Yes removing JSON-RPC doesn't make sense IMO. Infact it is the only thing I liked in Bitcoin Core because GUI feels like Windows 95. Although UI/UX is not a problem anymore since lot of projects have better GUI with option to use Bitcoin Core with RPC credentials.

It the goal is to remove unnecessary things and focus on important things, improve them etc. based on below tweet:

https://twitter.com/JeremyRubin/status/1440402791676014595

I think we should keep both JSON-RPC and REST. Maybe remove bitcoin-qt. There are trade-offs and few developers might prefer REST. If security is a concern, it can be improved and some of the things are already mentioned in doc/REST-interface.md and doc/JSON-RPC-interface.md

[sipa]

I don't see the problem with having both REST and JSON-RPC (it's pretty straightforward code), nor with their security models.

[tylerchambers]

Every time I've wanted to expose any information from my node over REST I always wound up spinning up a "middleware" in Flask or similar that took the request from the client -> JSON-RPC to core -> response back to client.
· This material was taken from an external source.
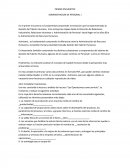 Administracion de personal. Las operaciones como servicio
As it stands right now I would like to see the REST API drastically improved or removed entirely. Improving it would greatly increase accessibility for people new to the space to build on top of core, which is obviously a net good long term. Would be a pretty big project to get (secure) feature parity with JSON-RPC, + maintenance costs down the line.

I don't see much of a downside to removing it (but I'm not sure how utilized it is).

Keeping the REST API in its current state and doing nothing has potential security implications long term, without much utility gained in the best case.

Removing it and providing something in Python or similar as a REST bridge to the JSON-RPC functionality (or at least giving some examples on how to do so? an official python JSON-RPC library for core?) may be a happy medium.

[JeremyRubin]

one thing i've noticed is the utxos rest API does not seem to be a valid rest API (it should use query parameters for >1 utxo?)

[sipa]

Would be a pretty big project to get (secure) feature parity with JSON-RPC, + maintenance costs down the line.

The REST interface is designed for fast, low-overhead access to public data only. It's not intended to be an alternative to RPC.